Nurturing "Young'uns"

 Mamma & Poppa B

Even "Ma & Pa" can nurture "young'ns"!     Shepherding can be very simple.  It can mean just being there when needed, hanging out with the twenty-somethings, being yourself.  Just because of being older in the Lord, or just older in age, my wife and I have had several sets of spiritual “young’ns” in our life.

First Young’ns: In our twenties, just married, we opened up our apartment on Friday nights just to hang out.  On the first night a nurse from a local nursing school, a blind boy, and “Butter”, a young man on methadone, all three total strangers to me, knocked on my door, but out of the group of kids that came over the next few weeks became the nucleus for a Christian Coffee staff and lasting friendships.

Second Young’ns:  When we moved to the country, we opened up our farm house on Fridays for a Bible study, and eventually fixed up the barn for hayrides, making cider, and showing movies off of a screen made up of six queen size sheets sewn together and hung on the side of the barn.  I remember when “Jumping Jack Flash”, as we called one young man, knocked on our second floor bedroom door in the middle of the night to seek help from us, and “Jakie” who we found drunk on our porch whom we learn to love like one of our kids.

Third Young’ns: Now as parents, it was a “natural” for kids to hand out at our house with our children, many just to swim in our above ground pool.  My small dining room stuffed with young musicians having their own “worship” jam-out.

Fourth Young’ns: With my children now in their twenties, I would hand out with my son at a 20-30’s church group function, and those attending got to know us, even inviting us to their weddings.

Throughout the years we have had the honor of being called Mamma B & Poppa B by four different groups of youth, all who look up to us because we cared, because we shared, and because we were just ourselves opening up our lives, willing to give of our time, while making each one feel safe and loved.  That is shepherding in its simplest form!

 

 

Nurturing: A Green Thumb

 Plant Growth

 The Sower and the Seed, The Mustard Seed are all parables Jesus taught.  Nurturing is like growing a plant.  You need the right fertile soil, proper growing conditions, weeding and maintenance.  It still amazes me how you put a seed in a pot of soil, water it, give it sunshine, and it grows on its own.

Spiritual nurturing, of shepherding, has many of the same parallels.  The spiritual shepherd has to create the right environment for growth, feed the new believer, develop growing conditions, “see over” his journey to aide when needed. Then just sit back and watch one grow.

You can just plant a garden and produce fruit, but if you “nurture” your garden with T.L.C., your fruit will so much better.  I once had a garden that I nurtured. I grew some huge well-watered Charleston Grey watermelons that I would use as wave offerings of thanks.  We never canned so much as when I took care of that garden.  In fact, my wife still does not want to do any more canning. She suffers from “canning burn out”!

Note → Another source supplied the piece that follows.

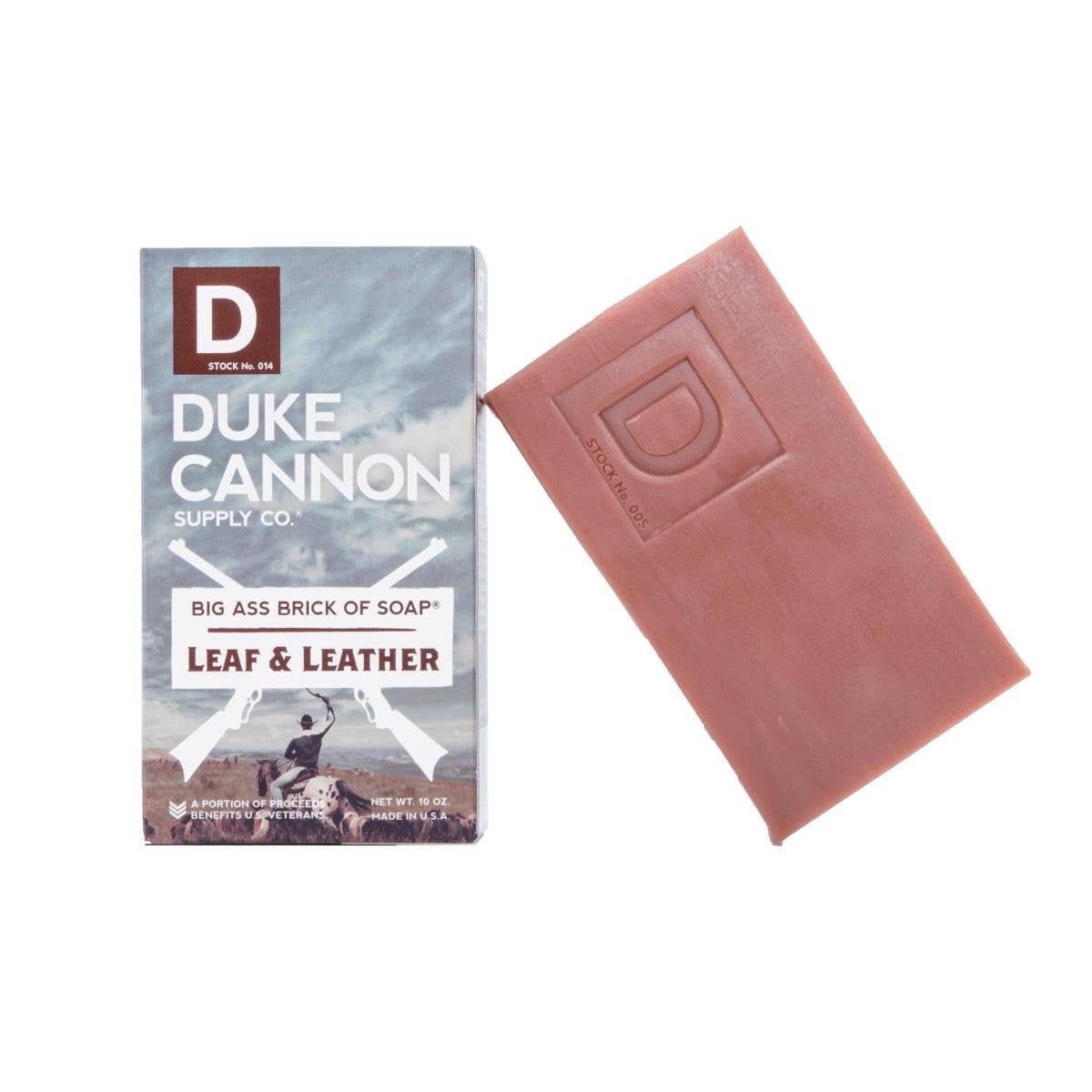 The product is a large brown Big Ass Brick of Soap in Leaf and Leather variant. Comes with branded packaging featuring a unique military tank design.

Often we refer to a gardener as having a “green thumb” because everything they nurture becomes extremely fruitful.  We need people, believers, who are pastor/shepherds who have “spiritual green thumbs” because they have the passion to see believers grow in the likeness of Jesus Christ.  They have the point of view of always seeing how they can help other. The Ilgenfritz family that I previously blogged about is a perfect example.

Once our church planned on offering small groups, training leaders, but became frustrated when no one in the congregation would open up and offer their home for a place to meet.  Hospitality is a strong gift a shepherd must have.

The cross is all about being exposed and vulnerable.  A person driven a pastoral, shepherding passion must be a person who is willing to expose his daily walk in Christ as well as be vulnerable to those whom he disciples.

The evangelist births, but the shepherd nurtures, develops, and cares. Together the garden is planted, nurtured and grows.

 

Nurturing: The Question Of “Control”

Fort Lauderdale Five

In light of my last blog, an example of “overseeing” versus “control” came over the question of pastoring/shepherding in the 1970’s with the Fort Lauderdale Five.  In light of some of the chaos and messiness of the charismatic movement, five leaders decided to bond together to help bring discipline and accountability.  The idea at its inception sounded like a good idea.

Emphasizing small groups, the five lead a movement labeled “the Discipleship Movement”.  Here leaders shepherd or mentored those under their care, but eventually that entailed marriages, relationships, and personal decisions. Because of the tight control of leaderships, many were hurt and scared.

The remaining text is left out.